Amarillo Globe-News
- Type: Daily newspaper
- Format: Broadsheet
- Owner: USA Today Co.
- Founded: 1909 (as The Amarillo Daily News)
- Headquarters: Amarillo, Texas United States
- Circulation: 4,935 (as of 2023)
- Website: amarillo.com

= Amarillo Globe-News =

Daily newspaper in Amarillo, Texas

The Amarillo Globe-News is a daily newspaper in Amarillo, Texas, owned by USA Today Co. The newspaper is based at downtown's FirstBank Southwest Tower, but is printed at a facility in Lubbock.

==History==
The current-day Globe-News is a combination of several newspapers previously published in Amarillo. One began on November 4, 1909, as a prohibition publication by the Baptist deacon Dr. Joseph Elbert Nunn (1851 - 1938). In 1916, Nunn turned the Amarillo Daily News into a general newspaper.
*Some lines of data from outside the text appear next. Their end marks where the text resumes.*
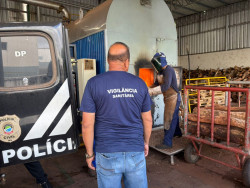 Polícia Civil incinera 58 quilos de drogas em cidade de MS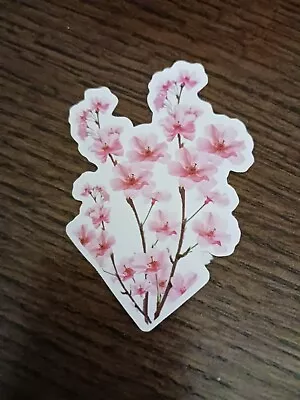 Cherry BLOSSOM Sticker • $0.50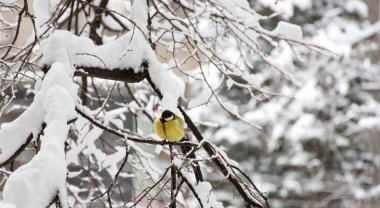 Büyük baştankara (Parus major) ağacında kar altında oturuyor. Kış kar günü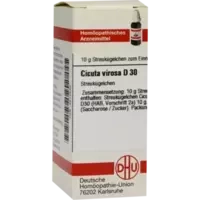 CICUTA VIROSA D30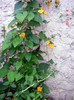 DSC01635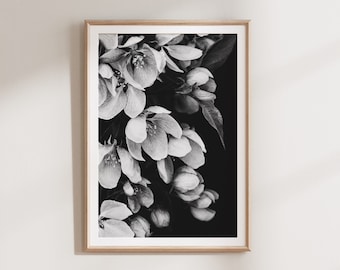 Flower Print, Botanical PRINTABLE Wall Art, Prints, Black and White Print, Bohemian Floral Print, Flower Photography, Mother Flower Gift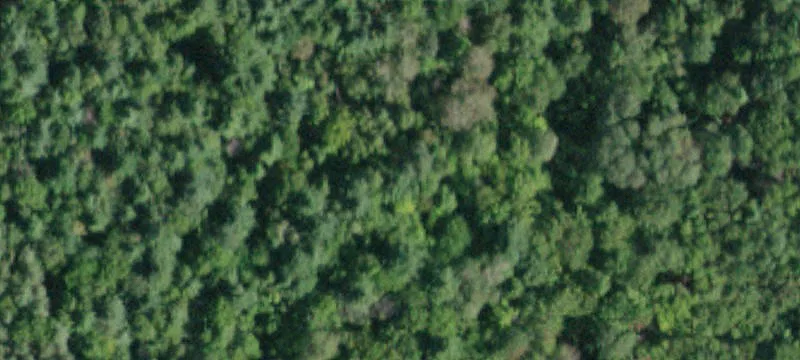 Corner Home-Building Lots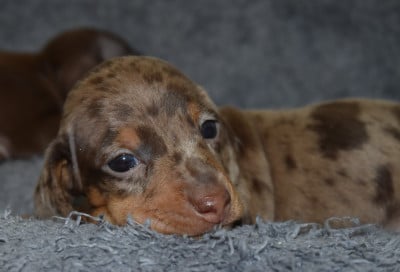 Les chiots de Teckel poil ras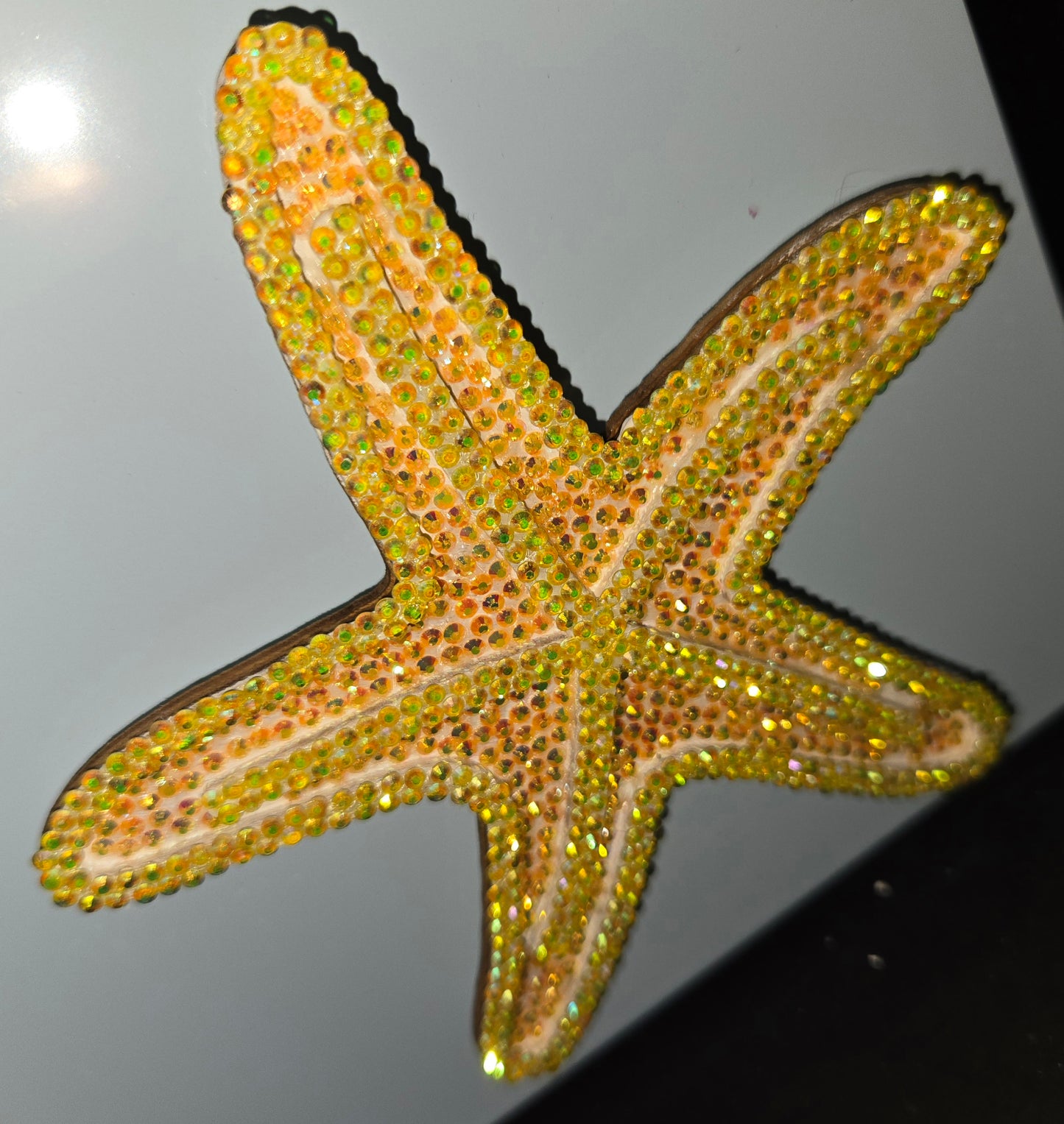 Ocean animals magnets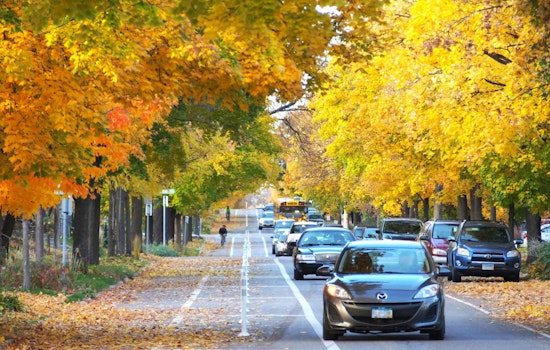 Minneapolis Announces Street Sweeping Schedule; Residents Urged to Observe "No Parking" Signs for Leaf Cleanup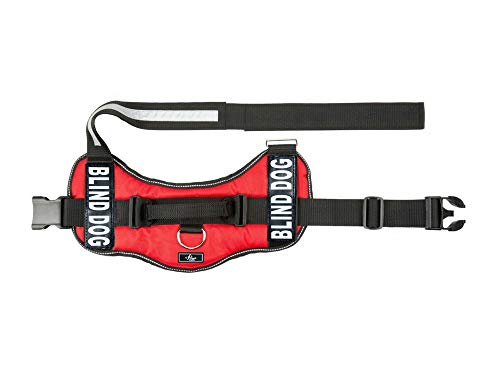 Blind Dog Nylon Dog Vest Harness. Purchase Comes With 2 Reflective Blind Dog Pathces.measure Your Dog Before Ordering #TOP2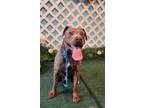 Adopt PEX a Brown/Chocolate American Pit Bull Terrier / Doberman Pinscher /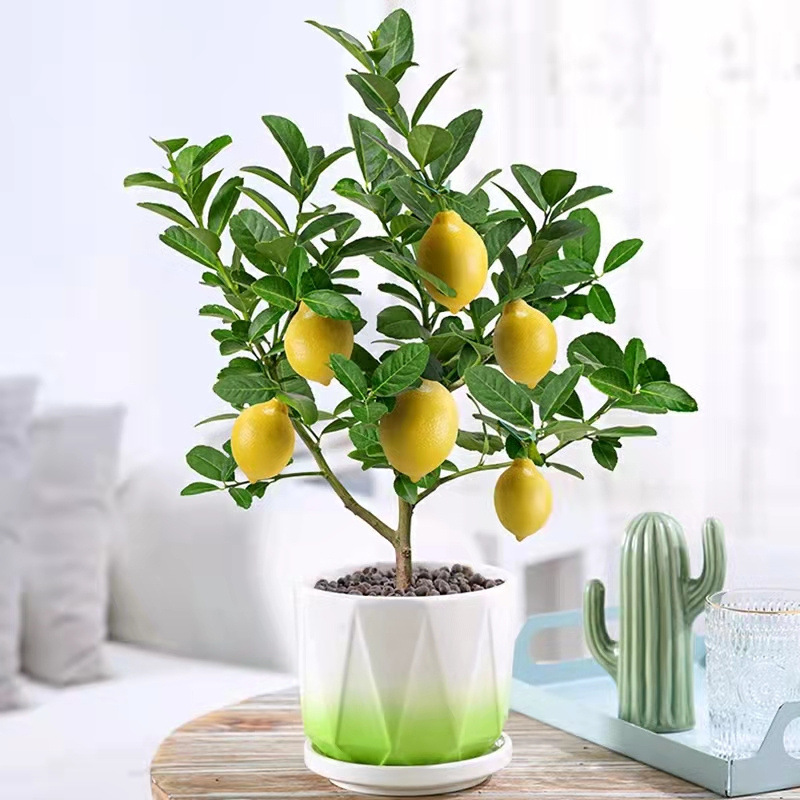 柠檬树苗带果柠檬苗绿植盆栽室内阳台庭院植物结果香水柠檬树包邮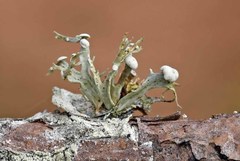 Ramalina culbersoniorum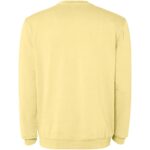 Jaya 250 g/m² unisex crewneck sweater - Image 3
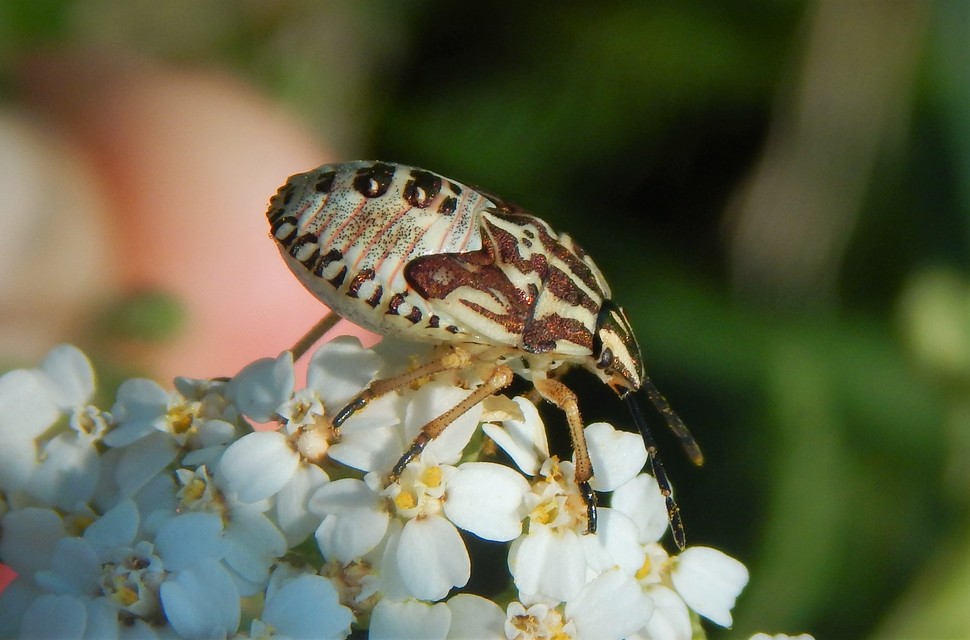 Carpocoris purpureipennis - piros gyümölcspoloska Carpocoris purpureipennis - piros gyümölcspoloska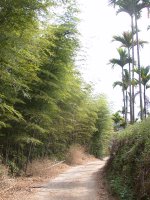 產業道路旁的竹林及檳榔樹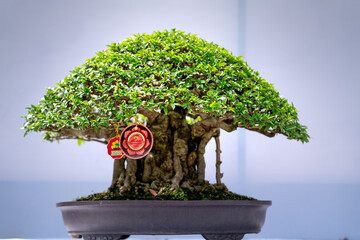 Beautiful Bonsai tree in a garden. Japanese garden or park. Nature in summer in Tao Dan park, Ho Chi Minh city, Vietnam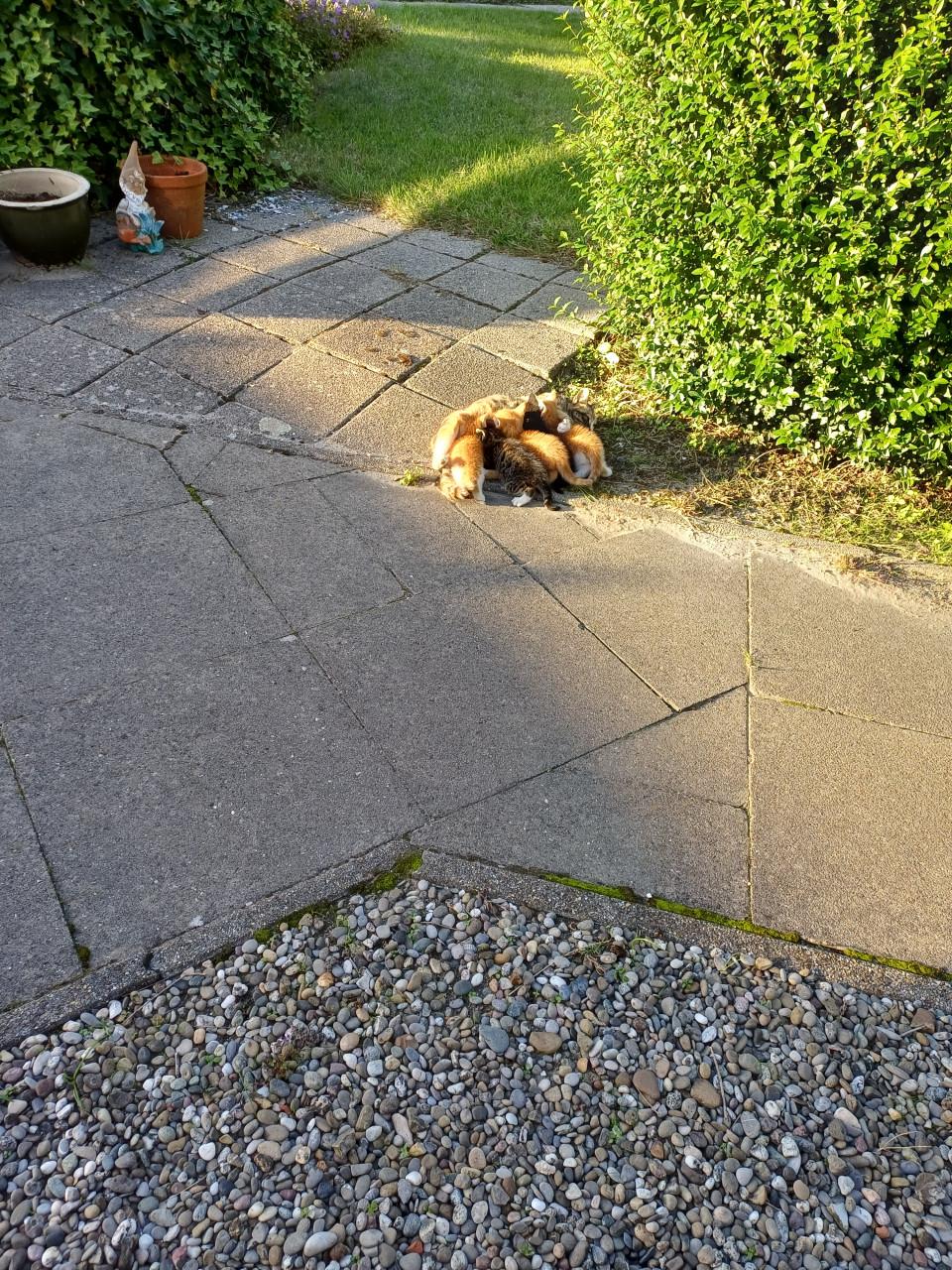 Tegen een kleine vergoeding, leuke poesjes af te halen.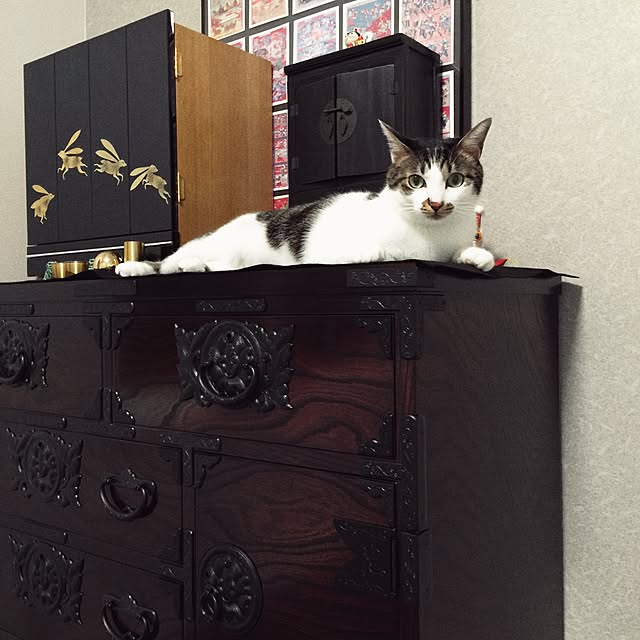 yuchiさんの実例写真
Nunn also owned an electric company, and heavily invested in the telephone company. He served on the boards of the Wayland Baptist College (now Wayland Baptist University) in Plainview, Texas, then at Texas Technological College (now Texas Tech University).

He went on to Lubbock, Texas, with the Goodnight Baptist College in the now ghost town of Goodnight in Armstrong County. The college and town were named for the legendary Texas Panhandle rancher Charles Goodnight.

In 1926, Eugene A. Howe and Wilbur Clayton Hawk bought the Amarillo Daily News and merged it with their Globe newspaper to form the Amarillo Globe-News Publishing Company.

The Amarillo Times started on December 15, 1937, as an afternoon tabloid newspaper. On December 2, 1951, the Globe-News and Times were merged into one company with the majority of the stock owned by the Times Roy Whittenburg family, being published by Samuel Benjamin Whittenburg (1914 - 1992). The Daily News continued as the morning newspaper, while the Globe-News and Times were merged into the afternoon Globe-Times.

The Amarillo Globe-Times won the 1961 Pulitzer Prize for Public Service for exposing government corruption in Potter and Randall counties. The organization noted the paper "expos[ed] a breakdown in local law enforcement with resultant punitive action that swept lax officials from their posts and brought about the election of a reform slate."

The company also purchased radio stations WDAG and KGRS (merging them to form KGNC in 1935), and NBC television station KGNC-TV (now KAMR) in 1953.

On September 1, 1972, Morris Communications bought the Globe-News from the Whittenburg family.

In 2001, the Daily News and Globe-Times merged into one morning edition, the Globe-News.

In 2017, Morris Communications sold its newspapers to GateHouse Media.

The Globe-News moved in September 2018 from the building it occupied since 1949 on South Harrison Street on the west side of downtown. The newspaper chose to move to the FirstBank Southwest Tower on Tyler Street a few blocks away.

Effective July 10, 2023, the paper transitioned from carrier delivery to delivery via the U.S. Postal Service.

==Journalists==

Journalists who got their start at the Amarillo Globe-News include National Journal correspondent Major Garrett, Dow Jones Newswires and columnist Al Lewis.